Just how much farm bill can you get for $68 billion?

Not as much as most farmers and their commodity associations would like. And it’s not just that commodities have a smaller pie to divvy up as Congress begins cogitating on how to craft the next farm program that worries them, it’s also that more folks want a slice.

“The farm bill will be all about Congressional Budget Office figures,” said James Richardson, with the Texas A&M Food and Agriculture Policy Center.

Richardson, speaking at the Texas Ag Forum recently in Austin, said funds available for the next farm bill will be about $35 billion less than legislators had in 2002. And, in addition to the historic commodities included, fruit and vegetables and renewable fuels will be part of the mix.

“That money has to come from somewhere,” he said. “It will be tight.”

Richardson also discussed potential effects a proposed adjusted gross income (AGI) means test would have on farmers.

“The administration has proposed revising the AGI means test for eligibility to farm program payments,” Richardson said. The figure set in the 2002 law was exclusion at $2.5 million, average AGI for three preceding years, and if less than 75 percent of the AGI comes from farming, ranching or forestry operations. Payments affected include direct payments, market loan guarantees/loan deficiency payments and counter cyclical payments.

The revised means test lowers the threshold to $200,000 and repeals the 75 percent exclusion.

Farms model

Richardson and others with the agricultural and food policy center use a model consisting of 64 typical farms across the country to evaluate the impact of farm programs, prices and other influences on farm income. “We applied the $200,000 AGI means test for 2008 through 2014. We calculated a three-year moving average AGI each year to determine if a farm was eligible for CCP, DP, MLG/LDP.”

Richardson said the nature of farm net income risk showed that a farm could be eligible for payments one year and not the next.

He said 17 of 19 representative feed grains farm experienced at least one year between 2008 and 2014 when they lost all government payments. Larger farms lost as much as $192,710 (North Dakota Grain farm) but smaller farms considered typical of the areas they represented also were ineligible for government payments some years because of the rule change.

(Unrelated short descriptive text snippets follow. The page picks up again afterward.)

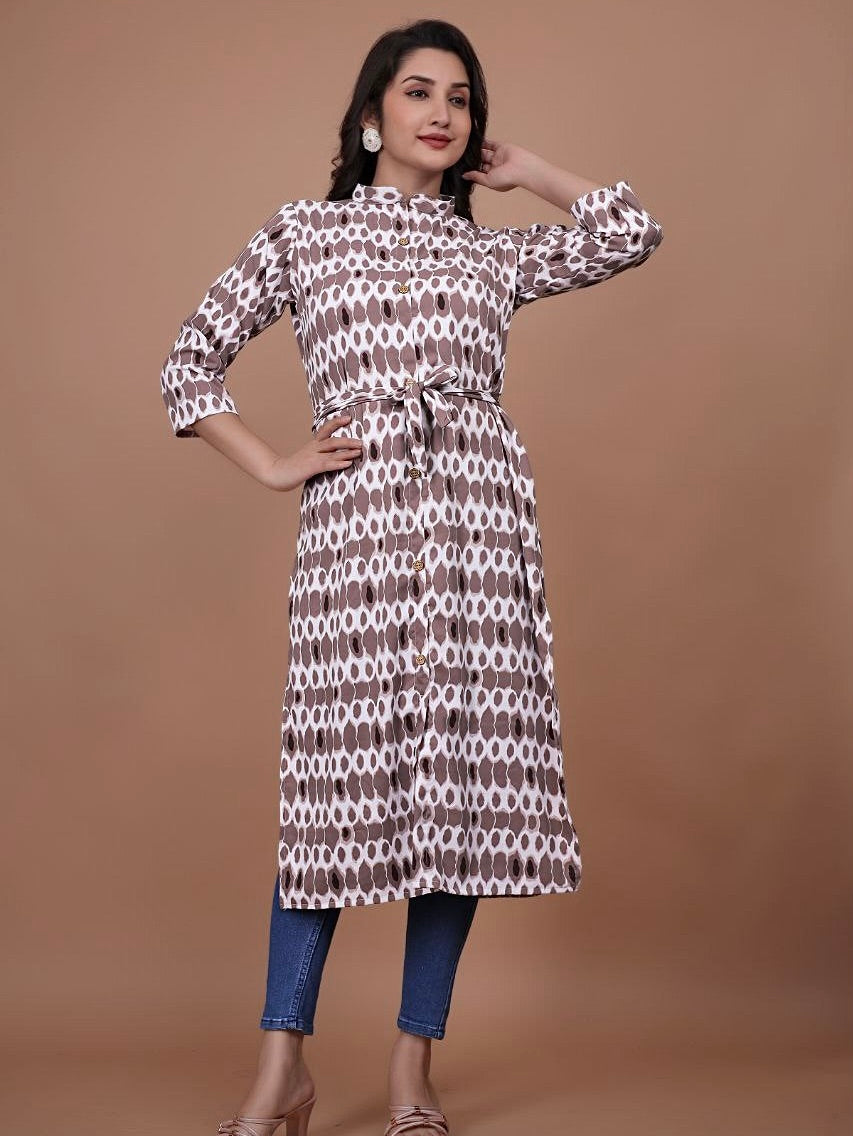Stylish A-Line Printed Kurti – Soft Boogati Satin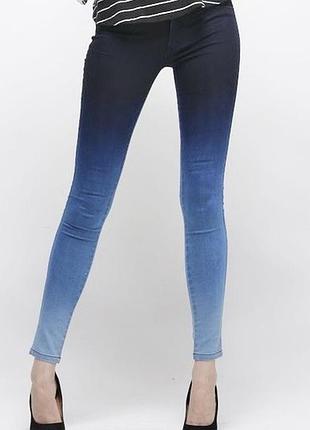 L jeggings джегінси облягаючі джинси на гумці без застібок градієнт синьо-блакитні стрейчеві жіночі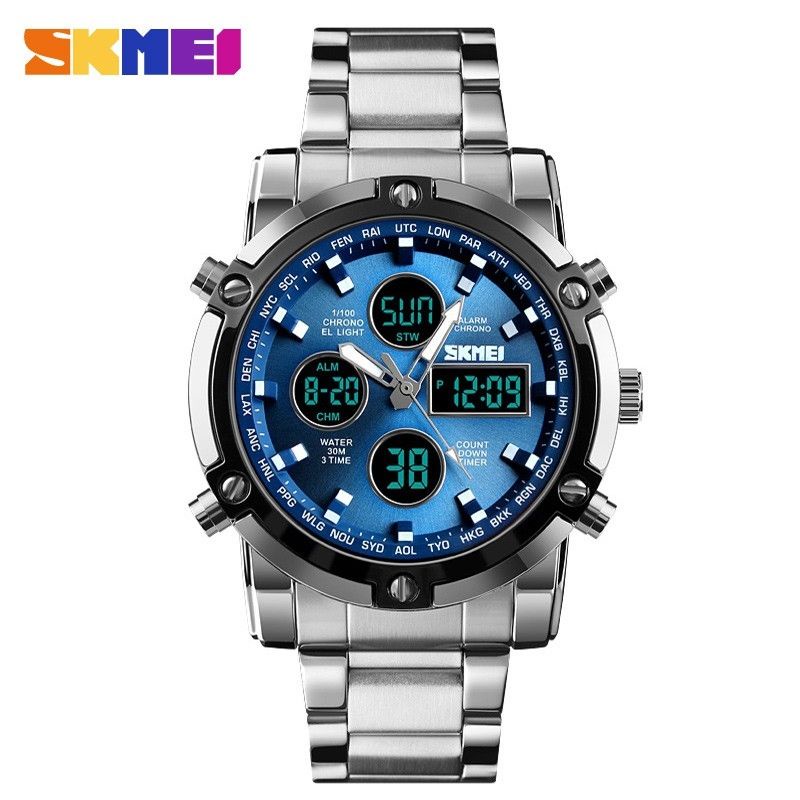 [ !!BEST SELLER!! ] SKMEI 1389 Jam Tangan Pria Digital Analog - Jam Tangan Pria Keren Kekinian - Tali Stenlis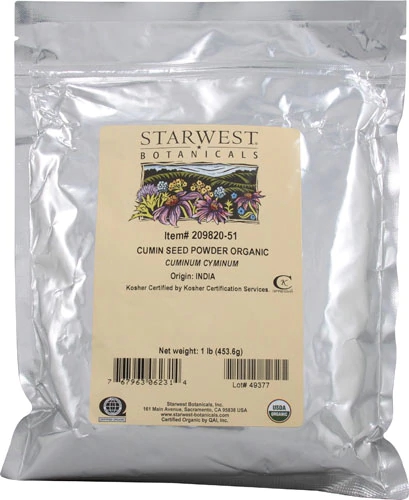 Cominho Orgânico em Pó Starwest Botanicals - 454g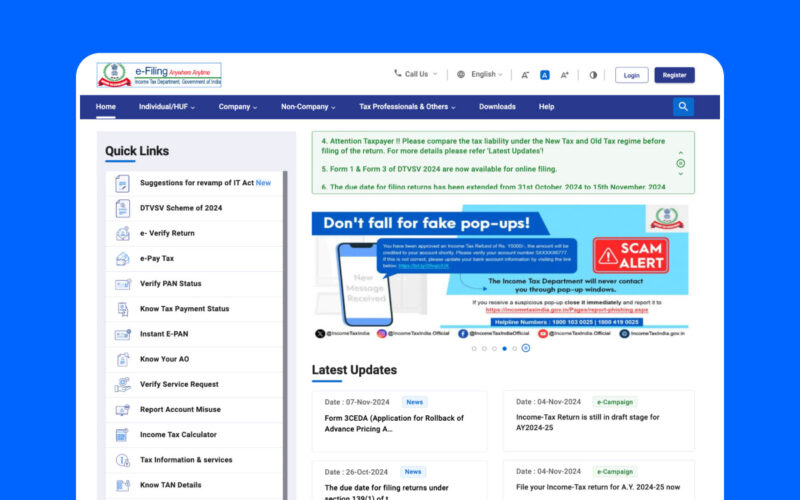 income tax portal login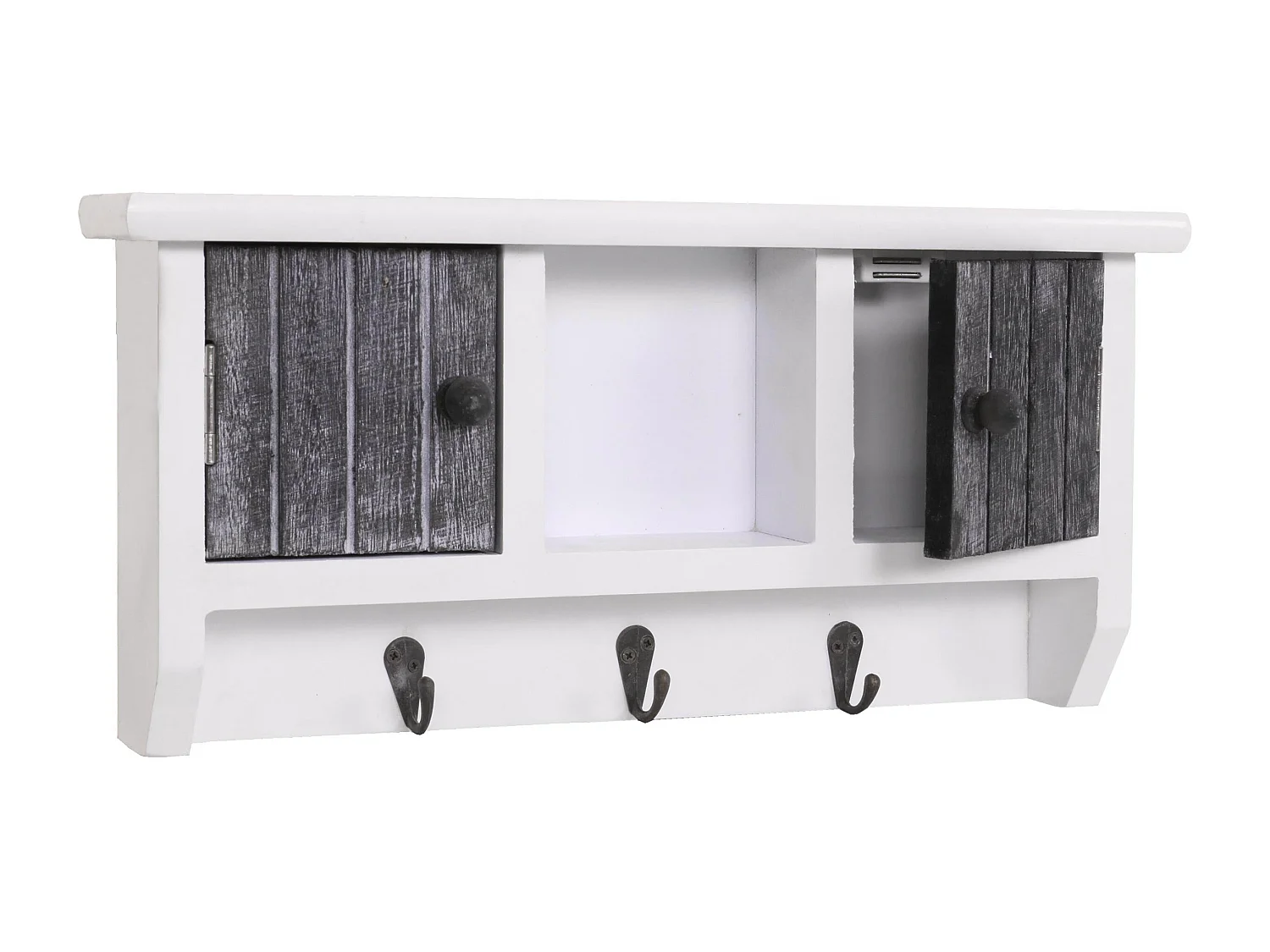 Porte-clés meuble d'entrée mural bois blanche 40 x 8 x 19 cm 04_0003588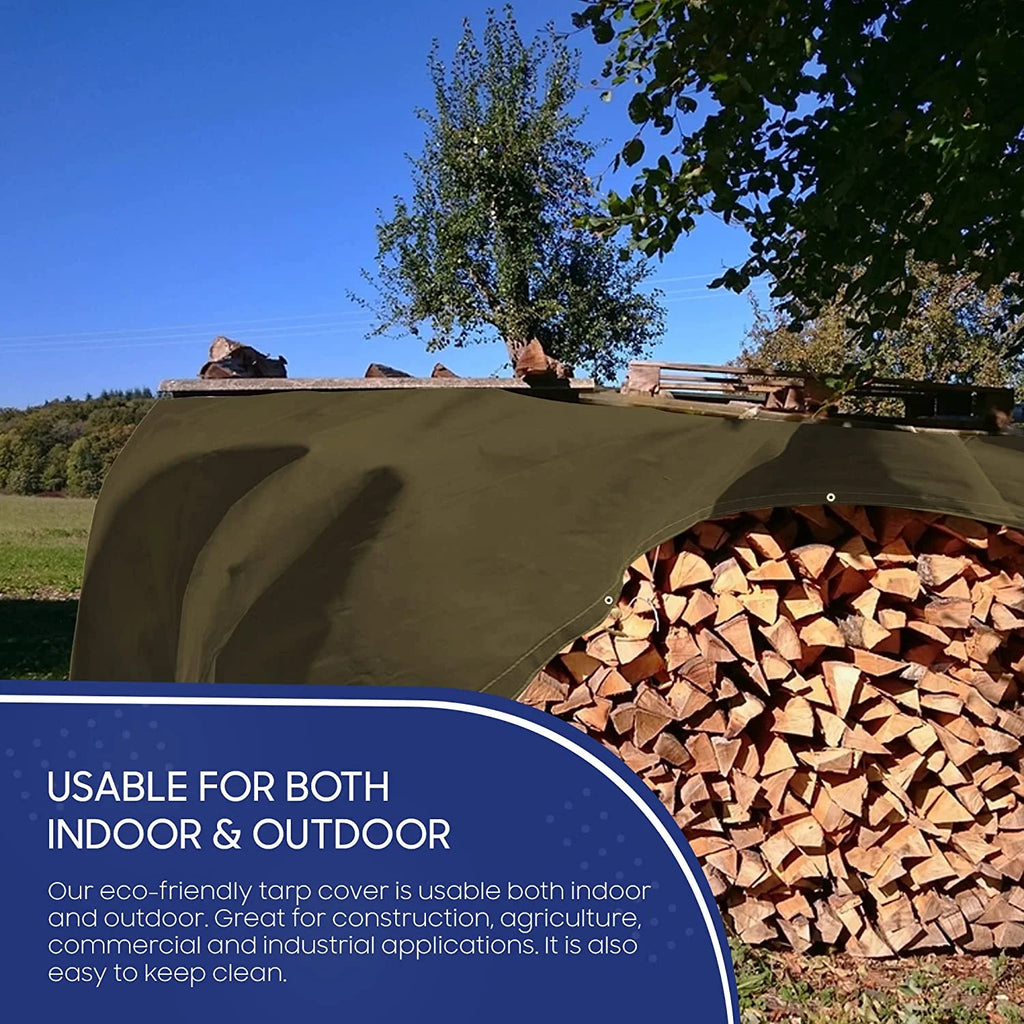 20 Mil Canvas Tarp with Brass Grommet Olive Drab 6'x8' E17298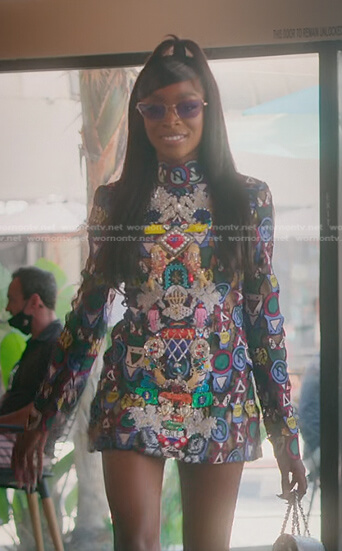 Chelsea's multicolor embroidered mini dress on Selling Sunset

“Farms in Iowa, Missouri, North Dakota, Nebraska, Texas and South Carolina all were ineligible for payments for at least one year during the simulation,” Richardson said.

The program meant lower net cash incomes and lower ending real net worth. “Six of the 16 feed grain farms that lost government payments saw more than $150,000 decrease in real net worth and four lost more than 3 percent of real net worth.”

Richardson said eight of the 10 representative wheat farms would “experience losses in government payments with the lower AGI limits. Average annual losses in government payments are much smaller for feed grains due to the lower probability of wheat farmers receiving CCP from 2008 through 2014. The reductions in real ending net worth are quite small, ranging from zero to $66,000 for farmers affected by the proposed AGI limit change.”

Cotton farm losses

He said 16 of the 20 representative cotton farms experienced lower average annual government payments under the revised AGI. “Lost payments were generally low but four of the 16 farms lost more than $150,000 when ineligible. Losses in net worth under the AGI limit were also generally low; however, five farms lost more than 2 percent of their net worth and one of those lost 15.4 percent.”

Richardson said low cash income projections for rice farms kept their AGI low. “Only four of the 15 representative rice farms experienced a loss of farm program payments under the AGI limits. Losses in government payments ranged from zero to more than $250,000 when ineligible.”

He said net worth losses in 2014 ranged from $1,800 to $215,700 for those farms.

Richardson said an administration proposal to replace CCP with a revenue assurance program (RAP) would save less money than the secretary of Agriculture estimates, based on his analysis.

“The administration says RAP would save $5 billion the first five years and $9 billion over ten years,” Richardson said. “I don’t agree. I think it would save just under $1 billion the first five years and about $3 billion over nine years.”

He said commodity outlook for the next few years looks positive for grains but not as good for cotton and rice.

“Outlook for grain is the best I’ve seen since 1995,” he said. “Cotton and rice are still in the red.”

He said the next farm program will include some familiar programs, not because “it’s what we want but what we can afford.”